From the data that follows, copy every line with the string "Civic".

> **Source records**:
<<<<

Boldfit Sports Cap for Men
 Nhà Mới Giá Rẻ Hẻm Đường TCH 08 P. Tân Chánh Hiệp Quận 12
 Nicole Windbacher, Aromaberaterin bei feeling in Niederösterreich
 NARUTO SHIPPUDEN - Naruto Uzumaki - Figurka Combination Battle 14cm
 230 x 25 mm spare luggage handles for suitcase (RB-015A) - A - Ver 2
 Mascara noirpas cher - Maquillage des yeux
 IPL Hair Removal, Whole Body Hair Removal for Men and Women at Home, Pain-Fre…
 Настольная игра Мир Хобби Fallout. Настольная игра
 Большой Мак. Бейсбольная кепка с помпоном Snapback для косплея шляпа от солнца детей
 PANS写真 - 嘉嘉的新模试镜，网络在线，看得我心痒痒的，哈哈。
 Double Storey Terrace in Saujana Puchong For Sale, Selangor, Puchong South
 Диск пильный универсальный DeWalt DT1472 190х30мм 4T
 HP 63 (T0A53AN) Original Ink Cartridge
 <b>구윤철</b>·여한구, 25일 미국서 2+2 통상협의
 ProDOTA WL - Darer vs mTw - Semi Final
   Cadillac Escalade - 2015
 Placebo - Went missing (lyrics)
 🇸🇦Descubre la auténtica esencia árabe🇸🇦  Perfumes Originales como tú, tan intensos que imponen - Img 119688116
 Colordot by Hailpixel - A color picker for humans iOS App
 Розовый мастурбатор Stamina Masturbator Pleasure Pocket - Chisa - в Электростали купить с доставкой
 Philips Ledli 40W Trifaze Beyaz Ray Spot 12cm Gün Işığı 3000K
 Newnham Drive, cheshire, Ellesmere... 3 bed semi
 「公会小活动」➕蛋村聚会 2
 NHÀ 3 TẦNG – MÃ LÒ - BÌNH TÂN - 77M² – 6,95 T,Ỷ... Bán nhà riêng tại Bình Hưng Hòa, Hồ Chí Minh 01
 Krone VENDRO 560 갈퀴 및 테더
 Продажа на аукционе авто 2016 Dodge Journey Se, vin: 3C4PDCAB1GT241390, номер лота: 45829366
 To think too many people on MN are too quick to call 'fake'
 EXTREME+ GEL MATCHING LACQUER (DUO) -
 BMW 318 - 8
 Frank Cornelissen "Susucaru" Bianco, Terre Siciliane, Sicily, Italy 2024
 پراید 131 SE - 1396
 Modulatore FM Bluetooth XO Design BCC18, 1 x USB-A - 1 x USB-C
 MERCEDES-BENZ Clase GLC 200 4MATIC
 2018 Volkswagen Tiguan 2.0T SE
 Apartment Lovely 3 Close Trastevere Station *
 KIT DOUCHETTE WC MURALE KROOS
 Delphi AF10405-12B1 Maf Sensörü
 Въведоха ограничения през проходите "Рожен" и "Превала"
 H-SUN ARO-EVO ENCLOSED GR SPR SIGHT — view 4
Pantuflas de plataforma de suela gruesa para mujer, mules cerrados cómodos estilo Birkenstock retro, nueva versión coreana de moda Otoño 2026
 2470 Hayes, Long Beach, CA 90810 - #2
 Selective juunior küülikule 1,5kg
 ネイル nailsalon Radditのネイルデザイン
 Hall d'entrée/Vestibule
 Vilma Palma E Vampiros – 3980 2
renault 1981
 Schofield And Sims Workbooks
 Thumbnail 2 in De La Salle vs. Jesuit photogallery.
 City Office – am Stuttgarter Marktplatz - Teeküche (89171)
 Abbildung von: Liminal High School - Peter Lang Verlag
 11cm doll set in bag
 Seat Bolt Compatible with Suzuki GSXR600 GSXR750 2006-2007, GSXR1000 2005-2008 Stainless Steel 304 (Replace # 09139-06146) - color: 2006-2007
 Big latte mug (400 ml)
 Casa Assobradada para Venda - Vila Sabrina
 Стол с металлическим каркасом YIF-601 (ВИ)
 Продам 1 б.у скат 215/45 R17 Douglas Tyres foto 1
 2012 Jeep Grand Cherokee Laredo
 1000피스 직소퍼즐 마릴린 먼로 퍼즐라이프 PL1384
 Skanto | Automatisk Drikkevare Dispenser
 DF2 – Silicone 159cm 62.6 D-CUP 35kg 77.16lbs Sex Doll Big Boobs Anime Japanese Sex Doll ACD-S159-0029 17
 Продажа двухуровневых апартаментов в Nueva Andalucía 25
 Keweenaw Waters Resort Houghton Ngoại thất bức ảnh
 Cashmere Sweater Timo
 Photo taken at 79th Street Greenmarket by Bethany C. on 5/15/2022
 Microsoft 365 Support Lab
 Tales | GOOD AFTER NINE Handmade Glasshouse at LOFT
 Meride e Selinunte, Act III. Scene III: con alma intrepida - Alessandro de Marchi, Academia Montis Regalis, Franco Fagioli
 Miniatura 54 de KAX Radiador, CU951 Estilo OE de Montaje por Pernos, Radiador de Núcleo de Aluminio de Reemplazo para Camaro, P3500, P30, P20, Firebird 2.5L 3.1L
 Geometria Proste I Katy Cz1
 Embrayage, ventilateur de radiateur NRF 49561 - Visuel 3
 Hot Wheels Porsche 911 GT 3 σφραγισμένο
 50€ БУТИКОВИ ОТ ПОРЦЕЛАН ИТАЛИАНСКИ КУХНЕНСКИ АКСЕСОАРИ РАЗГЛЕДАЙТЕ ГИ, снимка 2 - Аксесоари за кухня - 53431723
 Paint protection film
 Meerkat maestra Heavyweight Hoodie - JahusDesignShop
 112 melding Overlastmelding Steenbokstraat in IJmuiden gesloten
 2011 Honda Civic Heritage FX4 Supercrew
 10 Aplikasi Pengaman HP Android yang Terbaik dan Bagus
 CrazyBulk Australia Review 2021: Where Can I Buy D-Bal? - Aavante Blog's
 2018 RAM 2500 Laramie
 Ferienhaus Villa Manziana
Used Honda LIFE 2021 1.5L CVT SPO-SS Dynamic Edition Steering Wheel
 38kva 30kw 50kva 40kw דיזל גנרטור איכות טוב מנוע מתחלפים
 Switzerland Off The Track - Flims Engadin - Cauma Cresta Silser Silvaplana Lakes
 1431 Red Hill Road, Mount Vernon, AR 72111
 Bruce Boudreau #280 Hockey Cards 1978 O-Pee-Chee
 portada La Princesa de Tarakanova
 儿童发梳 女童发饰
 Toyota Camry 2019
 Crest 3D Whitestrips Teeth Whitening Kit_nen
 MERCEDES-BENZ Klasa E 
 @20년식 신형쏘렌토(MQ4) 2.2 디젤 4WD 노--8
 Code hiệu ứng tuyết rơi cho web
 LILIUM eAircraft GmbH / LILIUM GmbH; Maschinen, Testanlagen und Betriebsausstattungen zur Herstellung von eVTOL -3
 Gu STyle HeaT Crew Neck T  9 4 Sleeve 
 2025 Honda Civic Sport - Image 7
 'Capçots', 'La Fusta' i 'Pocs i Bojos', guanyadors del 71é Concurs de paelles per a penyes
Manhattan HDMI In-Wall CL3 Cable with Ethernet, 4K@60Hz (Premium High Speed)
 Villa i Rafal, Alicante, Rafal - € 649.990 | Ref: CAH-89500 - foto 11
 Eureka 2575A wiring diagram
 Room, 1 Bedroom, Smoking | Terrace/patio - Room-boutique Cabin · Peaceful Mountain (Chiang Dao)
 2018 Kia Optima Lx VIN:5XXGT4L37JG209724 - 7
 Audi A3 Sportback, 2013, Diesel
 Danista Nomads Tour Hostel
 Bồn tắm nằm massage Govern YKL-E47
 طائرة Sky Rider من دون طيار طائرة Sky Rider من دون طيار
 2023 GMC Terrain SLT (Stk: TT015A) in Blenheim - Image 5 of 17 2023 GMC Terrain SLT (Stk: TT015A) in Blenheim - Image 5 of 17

>>>>

> **Answer section**:
 2011 Honda Civic Heritage FX4 Supercrew
 2025 Honda Civic Sport - Image 7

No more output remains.